THIERRY DE LA TOUR D'ARTAISE - Ce sujet est très technique. Confondre des composants qui n'ont rien à voir entre eux aboutit à un non-sens. Le groupe utilise un composant comme matériau antiadhésif qui appartient à une catégorie non dangereuse. Mais là où l'Union européenne adopte une démarche scientifique dans la durée pour analyser tous les enjeux, cette proposition de loi fait l'inverse. Alors que cela concerne 3 000 emplois en France et une activité industrielle avec deux sites de production, à Rumilly (Haute-Savoie) et Tournus (Saône-et-Loire). Je suis exaspéré par le manque d'analyse scientifique qui sous-tend cette proposition de loi. Le groupe a toujours respecté les réglementations en vigueur et les a souvent même anticipées. Les produits Tefal - comme tous ceux de SEB - ne contiennent pas de PFAS considérés comme nocifs pour la santé ou l'environnement par les autorités sanitaires. Et Tefal n'a rien à voir non plus avec Teflon, marque déposée autrefois par le chimiste DuPont de Nemours, qui comportait un PFAS nocif. D'où une confusion supplémentaire entre les composants que nous utilisons et ceux qui sont aujourd'hui mis en cause.
Dans ce cas, pourquoi vos produits sont-ils visés par cette proposition de loi ?

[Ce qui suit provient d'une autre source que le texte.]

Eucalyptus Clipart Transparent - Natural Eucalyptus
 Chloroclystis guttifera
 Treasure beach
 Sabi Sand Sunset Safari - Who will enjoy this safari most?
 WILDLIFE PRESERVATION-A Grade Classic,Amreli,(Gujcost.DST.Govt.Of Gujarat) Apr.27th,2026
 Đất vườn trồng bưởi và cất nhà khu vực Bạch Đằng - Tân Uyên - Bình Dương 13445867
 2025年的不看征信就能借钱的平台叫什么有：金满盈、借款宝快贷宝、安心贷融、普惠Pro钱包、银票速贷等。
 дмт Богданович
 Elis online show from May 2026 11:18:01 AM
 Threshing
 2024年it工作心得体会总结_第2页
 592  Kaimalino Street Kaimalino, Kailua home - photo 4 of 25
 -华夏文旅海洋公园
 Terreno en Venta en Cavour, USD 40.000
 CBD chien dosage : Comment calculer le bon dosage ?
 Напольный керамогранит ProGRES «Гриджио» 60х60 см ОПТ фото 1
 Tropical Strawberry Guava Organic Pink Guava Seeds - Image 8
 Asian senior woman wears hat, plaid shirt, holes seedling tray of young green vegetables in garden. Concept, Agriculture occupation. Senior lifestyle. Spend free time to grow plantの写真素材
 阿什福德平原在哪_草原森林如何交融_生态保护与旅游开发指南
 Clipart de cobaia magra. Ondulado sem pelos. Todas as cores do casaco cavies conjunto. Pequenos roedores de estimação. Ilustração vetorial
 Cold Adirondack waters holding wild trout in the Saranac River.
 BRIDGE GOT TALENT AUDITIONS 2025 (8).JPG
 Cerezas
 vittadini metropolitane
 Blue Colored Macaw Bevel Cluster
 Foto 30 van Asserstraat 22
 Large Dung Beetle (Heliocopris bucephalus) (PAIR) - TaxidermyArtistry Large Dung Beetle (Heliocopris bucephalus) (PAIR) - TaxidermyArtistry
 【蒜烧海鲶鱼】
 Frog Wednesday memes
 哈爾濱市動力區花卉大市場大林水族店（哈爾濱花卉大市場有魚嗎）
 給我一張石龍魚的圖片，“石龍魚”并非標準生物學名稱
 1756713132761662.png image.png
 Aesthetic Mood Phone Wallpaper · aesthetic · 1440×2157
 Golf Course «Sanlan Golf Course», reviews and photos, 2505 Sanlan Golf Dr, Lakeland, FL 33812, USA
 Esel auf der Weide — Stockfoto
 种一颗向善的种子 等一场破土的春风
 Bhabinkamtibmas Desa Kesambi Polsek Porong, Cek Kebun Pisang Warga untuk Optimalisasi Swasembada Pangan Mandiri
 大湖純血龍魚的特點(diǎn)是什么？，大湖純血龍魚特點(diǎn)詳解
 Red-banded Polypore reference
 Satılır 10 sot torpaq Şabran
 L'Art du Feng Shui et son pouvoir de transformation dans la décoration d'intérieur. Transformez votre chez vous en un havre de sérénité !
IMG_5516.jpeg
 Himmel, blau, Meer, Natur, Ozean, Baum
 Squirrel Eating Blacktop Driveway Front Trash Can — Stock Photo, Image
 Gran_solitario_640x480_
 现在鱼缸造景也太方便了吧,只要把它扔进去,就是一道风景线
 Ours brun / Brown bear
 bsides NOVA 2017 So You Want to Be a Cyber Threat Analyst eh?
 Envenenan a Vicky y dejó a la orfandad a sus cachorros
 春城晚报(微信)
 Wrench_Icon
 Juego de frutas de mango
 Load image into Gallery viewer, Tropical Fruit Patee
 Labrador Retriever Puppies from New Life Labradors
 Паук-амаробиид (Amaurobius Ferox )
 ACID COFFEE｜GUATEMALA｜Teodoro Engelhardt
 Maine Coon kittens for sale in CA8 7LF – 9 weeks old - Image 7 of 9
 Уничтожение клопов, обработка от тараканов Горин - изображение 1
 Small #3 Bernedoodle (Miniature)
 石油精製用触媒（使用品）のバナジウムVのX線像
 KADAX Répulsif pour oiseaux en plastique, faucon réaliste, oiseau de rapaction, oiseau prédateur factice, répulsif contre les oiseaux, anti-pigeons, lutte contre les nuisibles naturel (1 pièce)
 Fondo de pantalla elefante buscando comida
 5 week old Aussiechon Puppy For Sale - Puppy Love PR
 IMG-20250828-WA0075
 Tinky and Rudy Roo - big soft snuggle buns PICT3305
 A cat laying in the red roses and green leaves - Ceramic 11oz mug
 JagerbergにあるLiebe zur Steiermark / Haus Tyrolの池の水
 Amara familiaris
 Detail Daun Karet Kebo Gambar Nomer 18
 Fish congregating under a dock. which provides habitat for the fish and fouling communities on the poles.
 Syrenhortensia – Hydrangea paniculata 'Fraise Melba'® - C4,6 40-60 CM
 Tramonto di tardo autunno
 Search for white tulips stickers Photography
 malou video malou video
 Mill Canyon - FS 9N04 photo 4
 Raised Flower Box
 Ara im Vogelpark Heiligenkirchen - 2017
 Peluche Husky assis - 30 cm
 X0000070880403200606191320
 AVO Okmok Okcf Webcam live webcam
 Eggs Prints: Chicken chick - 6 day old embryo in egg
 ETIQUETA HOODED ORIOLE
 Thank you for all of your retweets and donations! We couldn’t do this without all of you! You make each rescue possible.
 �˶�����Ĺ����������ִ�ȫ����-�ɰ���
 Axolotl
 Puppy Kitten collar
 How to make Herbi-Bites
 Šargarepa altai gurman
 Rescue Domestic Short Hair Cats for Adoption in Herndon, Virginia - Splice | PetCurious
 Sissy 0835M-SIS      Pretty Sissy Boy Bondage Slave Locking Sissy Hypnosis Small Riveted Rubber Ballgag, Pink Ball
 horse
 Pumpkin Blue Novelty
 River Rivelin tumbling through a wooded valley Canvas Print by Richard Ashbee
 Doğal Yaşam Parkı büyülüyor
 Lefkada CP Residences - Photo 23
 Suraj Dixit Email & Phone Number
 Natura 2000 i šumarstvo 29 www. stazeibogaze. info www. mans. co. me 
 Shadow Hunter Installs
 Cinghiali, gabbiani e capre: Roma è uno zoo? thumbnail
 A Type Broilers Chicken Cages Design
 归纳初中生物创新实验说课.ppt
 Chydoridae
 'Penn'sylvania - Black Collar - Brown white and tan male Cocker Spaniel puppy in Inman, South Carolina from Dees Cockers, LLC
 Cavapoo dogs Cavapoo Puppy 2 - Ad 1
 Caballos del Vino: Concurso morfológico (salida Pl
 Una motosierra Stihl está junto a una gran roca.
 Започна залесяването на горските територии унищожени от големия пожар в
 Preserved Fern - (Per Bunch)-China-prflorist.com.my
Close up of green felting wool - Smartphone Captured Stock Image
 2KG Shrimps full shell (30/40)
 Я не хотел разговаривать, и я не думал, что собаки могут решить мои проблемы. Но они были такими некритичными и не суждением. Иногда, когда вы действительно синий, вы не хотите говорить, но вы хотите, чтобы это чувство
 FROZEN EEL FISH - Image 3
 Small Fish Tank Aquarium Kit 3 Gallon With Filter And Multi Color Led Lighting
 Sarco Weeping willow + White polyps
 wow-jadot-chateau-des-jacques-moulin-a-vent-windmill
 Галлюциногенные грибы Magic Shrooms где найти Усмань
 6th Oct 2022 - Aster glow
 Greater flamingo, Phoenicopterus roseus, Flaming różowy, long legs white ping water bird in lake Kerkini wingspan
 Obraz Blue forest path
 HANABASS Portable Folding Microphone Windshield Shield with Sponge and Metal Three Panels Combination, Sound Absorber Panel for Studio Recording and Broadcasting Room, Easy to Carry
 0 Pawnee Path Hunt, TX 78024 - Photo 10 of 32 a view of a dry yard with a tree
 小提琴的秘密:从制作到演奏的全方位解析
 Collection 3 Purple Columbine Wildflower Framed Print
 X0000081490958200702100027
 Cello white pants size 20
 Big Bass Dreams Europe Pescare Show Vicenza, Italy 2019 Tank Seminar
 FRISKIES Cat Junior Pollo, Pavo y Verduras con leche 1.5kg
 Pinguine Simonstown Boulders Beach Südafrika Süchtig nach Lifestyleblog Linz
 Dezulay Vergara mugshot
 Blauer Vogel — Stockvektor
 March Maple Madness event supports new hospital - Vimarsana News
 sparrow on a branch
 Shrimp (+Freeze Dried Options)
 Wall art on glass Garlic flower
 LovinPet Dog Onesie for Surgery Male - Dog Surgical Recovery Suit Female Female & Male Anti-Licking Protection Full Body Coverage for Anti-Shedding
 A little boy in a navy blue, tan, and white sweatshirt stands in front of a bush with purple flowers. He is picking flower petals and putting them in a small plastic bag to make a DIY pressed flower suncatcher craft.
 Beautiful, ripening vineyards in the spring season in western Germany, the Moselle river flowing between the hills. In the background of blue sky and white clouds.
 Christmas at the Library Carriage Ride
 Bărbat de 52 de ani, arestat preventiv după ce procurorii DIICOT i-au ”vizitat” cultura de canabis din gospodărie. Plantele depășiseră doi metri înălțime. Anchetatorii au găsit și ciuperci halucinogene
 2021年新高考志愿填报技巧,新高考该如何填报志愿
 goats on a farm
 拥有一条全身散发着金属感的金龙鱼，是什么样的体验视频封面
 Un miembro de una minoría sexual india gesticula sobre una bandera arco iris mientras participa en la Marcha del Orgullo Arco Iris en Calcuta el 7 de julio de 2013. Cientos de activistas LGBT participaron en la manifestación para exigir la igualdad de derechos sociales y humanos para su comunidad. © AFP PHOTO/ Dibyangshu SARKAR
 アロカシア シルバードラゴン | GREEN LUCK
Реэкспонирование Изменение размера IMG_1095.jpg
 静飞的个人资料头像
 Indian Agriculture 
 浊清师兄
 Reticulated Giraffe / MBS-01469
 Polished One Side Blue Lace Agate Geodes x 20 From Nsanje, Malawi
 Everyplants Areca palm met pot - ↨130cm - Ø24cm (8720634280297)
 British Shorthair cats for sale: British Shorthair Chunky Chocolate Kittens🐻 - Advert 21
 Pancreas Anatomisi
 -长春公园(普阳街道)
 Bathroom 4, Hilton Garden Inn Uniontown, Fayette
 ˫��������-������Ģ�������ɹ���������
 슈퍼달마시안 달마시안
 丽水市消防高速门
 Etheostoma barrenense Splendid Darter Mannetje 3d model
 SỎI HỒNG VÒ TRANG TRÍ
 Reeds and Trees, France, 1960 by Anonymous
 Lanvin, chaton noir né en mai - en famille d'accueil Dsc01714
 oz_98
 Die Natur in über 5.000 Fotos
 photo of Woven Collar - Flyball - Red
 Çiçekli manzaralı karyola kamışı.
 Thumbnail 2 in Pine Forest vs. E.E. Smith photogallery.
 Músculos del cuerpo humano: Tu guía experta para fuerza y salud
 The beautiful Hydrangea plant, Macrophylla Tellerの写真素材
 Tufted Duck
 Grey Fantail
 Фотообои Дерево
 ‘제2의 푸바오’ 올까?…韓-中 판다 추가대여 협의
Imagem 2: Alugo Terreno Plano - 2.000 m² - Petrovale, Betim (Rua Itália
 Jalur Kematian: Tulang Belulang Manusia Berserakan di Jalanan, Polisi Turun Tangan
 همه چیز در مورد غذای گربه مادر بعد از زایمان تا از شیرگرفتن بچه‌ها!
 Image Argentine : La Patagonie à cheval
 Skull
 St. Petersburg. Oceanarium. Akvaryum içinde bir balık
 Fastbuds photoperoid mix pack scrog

Ce ne serait pas la première fois qu'une initiative en France chercherait à aller plus loin qu'une réglementation européenne. Il y a beaucoup de dogmatisme sur ces sujets. Et plus ils sont complexes, plus le risque de les simplifier à l'extrême est élevé. Près d'une centaine d'études démontrent que les composants que nous utilisons ne sont pas dangereux. Si ce texte était voté, nous aurions non seulement l'interdiction de produire, mais aussi d'exporter. Tefal est numéro un au Japon ou en Corée, entre autres. Si SEB ne peut plus vendre ses produits sur ces marchés, ce sont nos concurrents qui le feront.
Comment allez-vous réagir ?
En expliquant justement les différences entre les divers composants. Nous avons des compétences historiques dans nos métiers, avec des décennies d'innovations et de recherches. Nous sommes des industriels responsables. Nous allons nous battre, avec à nos côtés les salariés du groupe et les partenaires sociaux. Le Royaume-Uni établit bien une distinction entre les PFAS. L'Union européenne étudie le dossier sous tous ses aspects. Pourquoi la France agirait-elle autrement ? SEB est numéro un mondial des articles culinaires, qui représentent presque un tiers des ventes globales du groupe. Une interdiction de production aurait des conséquences gigantesques pour toute l'entreprise. Voter en quelques jours une décision de cette ampleur n'est pas envisageable.